DESCRIPTION OF THE TASK
For the records below, output word for word the lines from the one with "Serene backyard featuring" up to and including the one with "kitchen with decorative". No pictures.

(Image-text web data)
++++++++

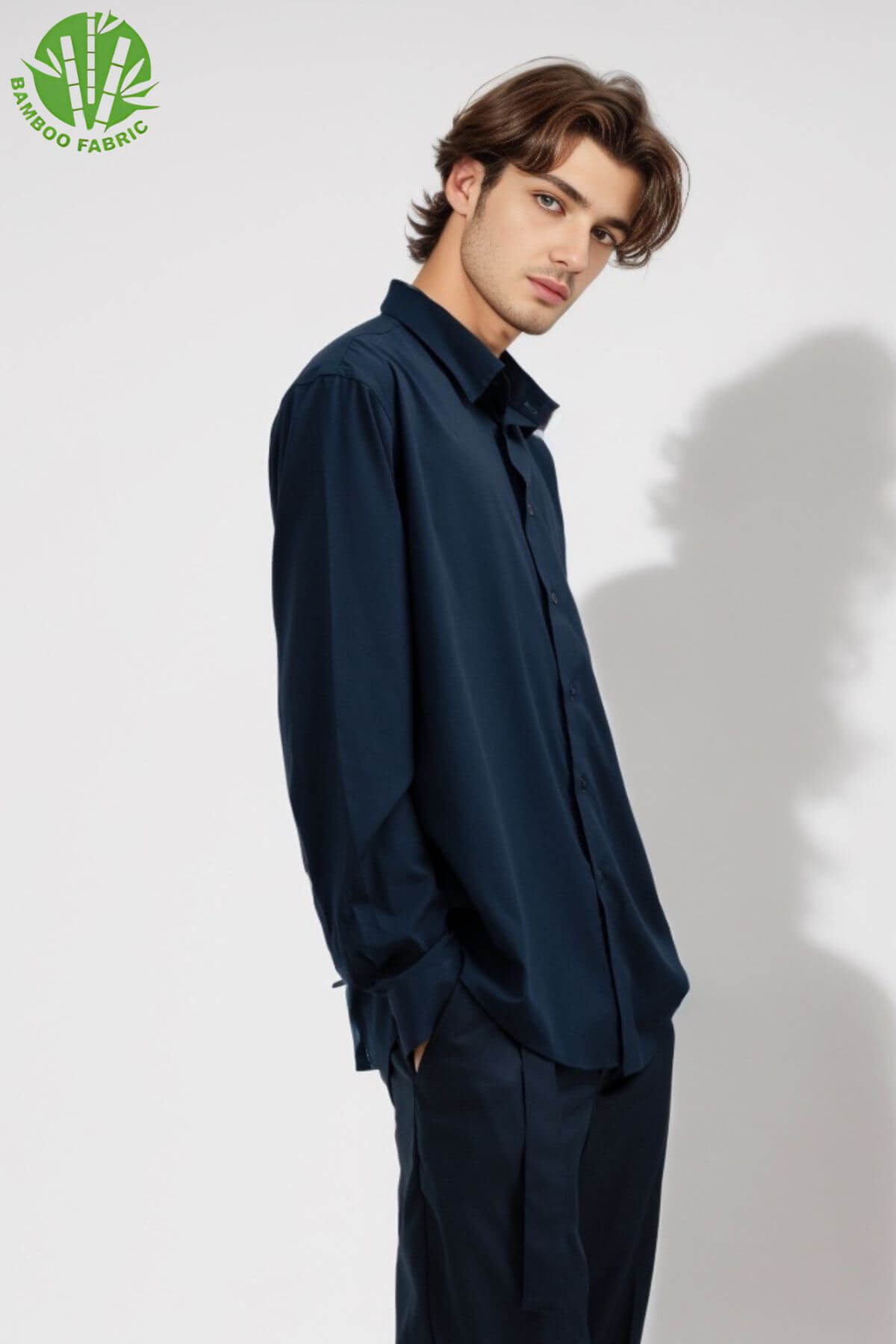 Back view of men’s navy bamboo Riviera long sleeve shirt – relaxed silhouette with breathable, sustainable fabric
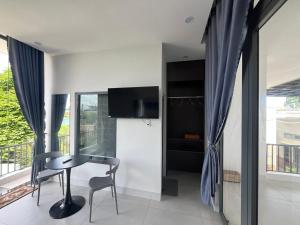 a dining room with a table and a tv at Roooftop villa can ho penhouse Tay ninh in Tây Ninh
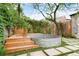 Serene backyard featuring lush landscaping, a wooden deck, and metal stock tank pool at 659 Albion St, Denver, CO 80220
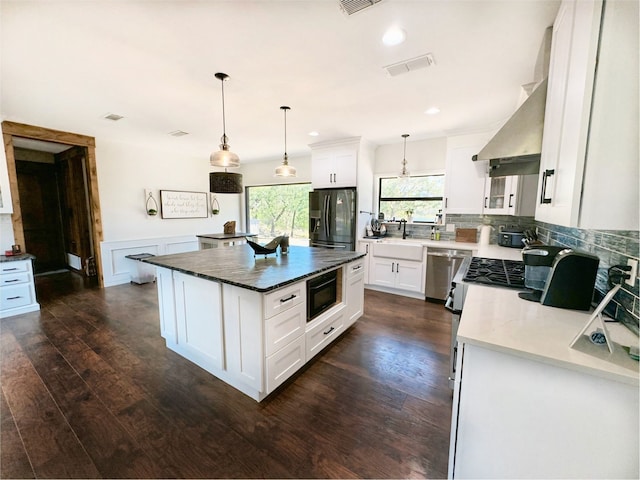 kitchen with decorative light fixtures, stainless steel appliances, white cabinetry, dark wood-type flooring, and a kitchen island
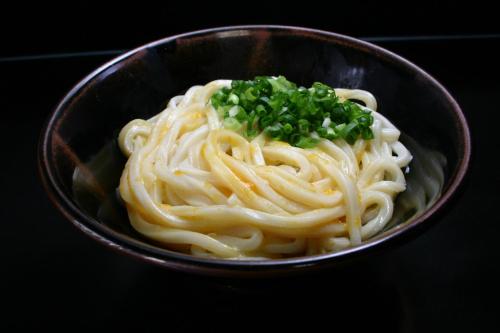 a bowl of noodles with green onions on top at Takamatsu Tokyu REI Hotel in Takamatsu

++++++++

EXERCISE SOLUTION
 Serene backyard featuring lush landscaping, a wooden deck, and metal stock tank pool at 659 Albion St, Denver, CO 80220
 kitchen with decorative light fixtures, stainless steel appliances, white cabinetry, dark wood-type flooring, and a kitchen island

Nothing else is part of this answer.